The up and down nature of the past month has created a rare situation for the volatility markets. The SPX index is now at basically a 3 month high, but realized volatility is also near the highs of the last 3 months.
The following chart shows 3 month realized volatility vs. 3 month implied volatility (so the implied volatility for at-the-money options in SPX that expire in 3 months) over the last 3 years:
In most cases, implied volatility (the black line) is higher than realized volatility, which is an illustration of the insurance-like properties of options, where they are normally priced higher than the future expected move. In the few instances where the market has a big down move (flash crash in 2010 and Aug 2011 down move), realized volatility picks up. Since it’s 3 month backward looking volatility, it usually stays elevated even after the market has calmed down and forward looking implied volatility has started to move back lower.

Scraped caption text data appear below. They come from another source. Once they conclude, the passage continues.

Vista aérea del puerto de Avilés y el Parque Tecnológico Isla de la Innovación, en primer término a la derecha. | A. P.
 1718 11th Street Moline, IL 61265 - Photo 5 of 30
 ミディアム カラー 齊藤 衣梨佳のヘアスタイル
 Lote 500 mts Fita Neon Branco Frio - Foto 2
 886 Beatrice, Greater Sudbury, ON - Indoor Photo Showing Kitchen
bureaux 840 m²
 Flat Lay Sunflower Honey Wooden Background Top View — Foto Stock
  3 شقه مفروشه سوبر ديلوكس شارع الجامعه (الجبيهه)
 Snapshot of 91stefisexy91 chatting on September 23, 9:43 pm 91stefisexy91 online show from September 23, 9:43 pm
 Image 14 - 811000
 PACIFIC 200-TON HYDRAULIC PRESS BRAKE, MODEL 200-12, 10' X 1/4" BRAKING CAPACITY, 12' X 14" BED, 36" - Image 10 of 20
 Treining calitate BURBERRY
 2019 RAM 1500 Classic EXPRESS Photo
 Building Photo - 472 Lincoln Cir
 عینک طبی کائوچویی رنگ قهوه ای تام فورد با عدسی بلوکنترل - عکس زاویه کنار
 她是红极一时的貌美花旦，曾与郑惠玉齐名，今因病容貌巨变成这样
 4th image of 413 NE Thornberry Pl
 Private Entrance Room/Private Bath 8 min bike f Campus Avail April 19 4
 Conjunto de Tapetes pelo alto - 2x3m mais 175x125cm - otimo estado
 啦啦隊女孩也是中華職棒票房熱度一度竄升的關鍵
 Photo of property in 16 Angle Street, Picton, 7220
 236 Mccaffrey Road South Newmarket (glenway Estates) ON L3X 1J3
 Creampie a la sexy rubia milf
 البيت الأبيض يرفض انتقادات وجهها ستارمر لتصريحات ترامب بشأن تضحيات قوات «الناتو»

What’s unique about the current situation is that implied volatility has moved below realized volatility even though implied volatility is already priced near the low end of the last 3 years. It could also just be that realized volatility is relatively high given that the market is only 2% from new highs. That is a rare phenomenon that illustrates how volatile the market has been even as it has pushed higher.
I don’t have any strong takeaways from this other than to think that volatility looks especially cheap here. Interestingly, this situation is even more pronounced in Europe, as Europe is at almost 4 month highs, but realized volatility is the highest it has been in all of 2012.